§ **TASK STATEMENT**: Your task is to copy exactly the lines from the line containing "Photo 7 of 939" through the end of the listing below, with pictures left out.

§ **DATA SECTION**:
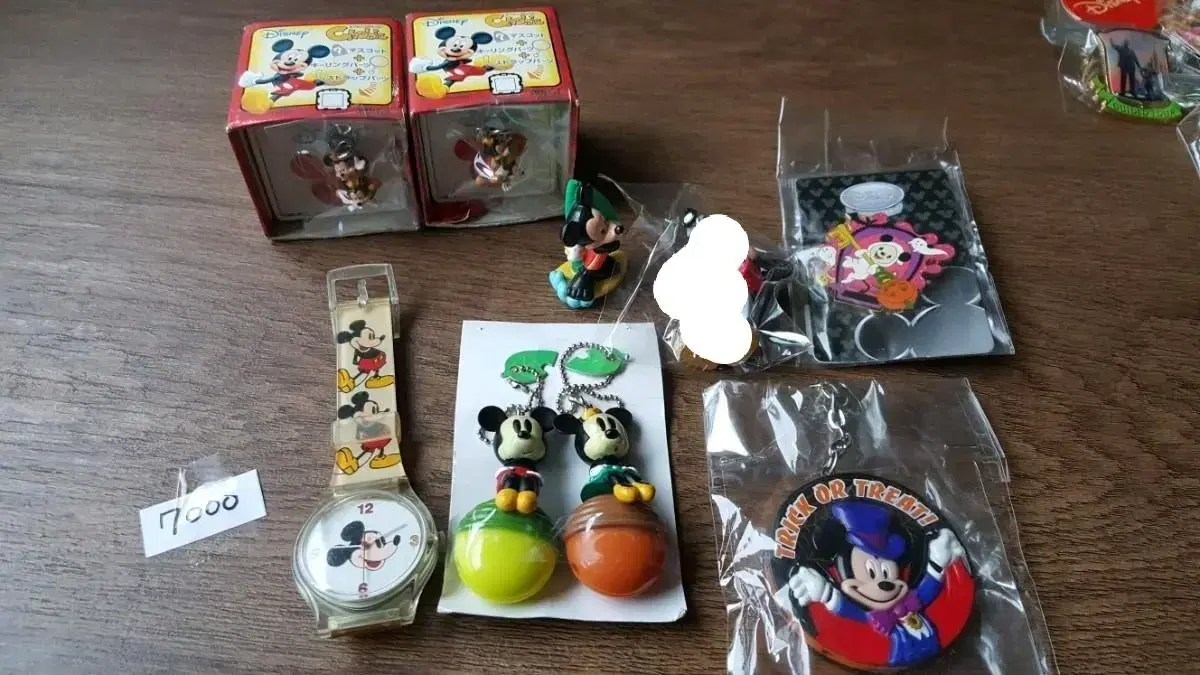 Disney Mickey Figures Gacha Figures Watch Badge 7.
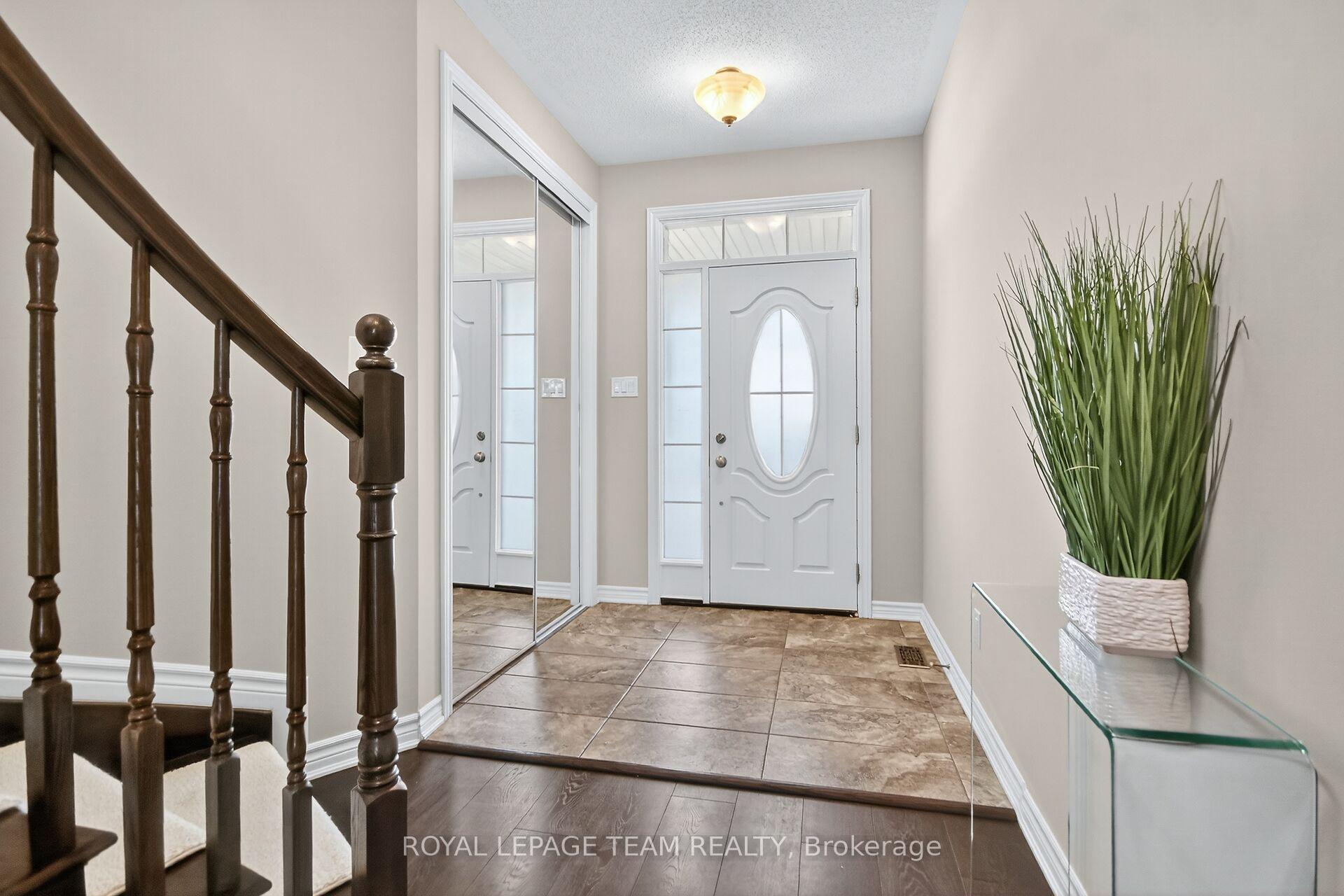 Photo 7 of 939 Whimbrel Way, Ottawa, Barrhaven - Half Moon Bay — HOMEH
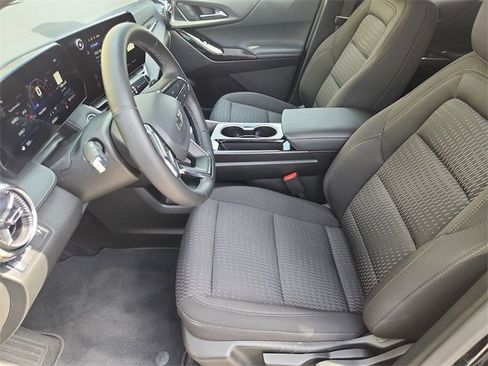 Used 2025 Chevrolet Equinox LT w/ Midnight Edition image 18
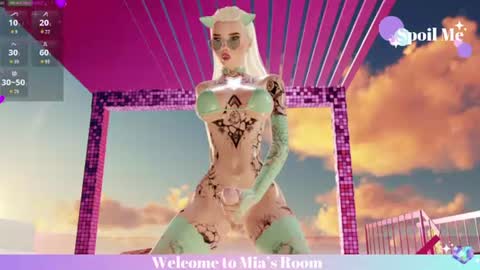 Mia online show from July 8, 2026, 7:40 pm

§ **EXERCISE ANSWER**:
 Photo 7 of 939 Whimbrel Way, Ottawa, Barrhaven - Half Moon Bay — HOMEH
 Used 2025 Chevrolet Equinox LT w/ Midnight Edition image 18
 Mia online show from July 8, 2026, 7:40 pm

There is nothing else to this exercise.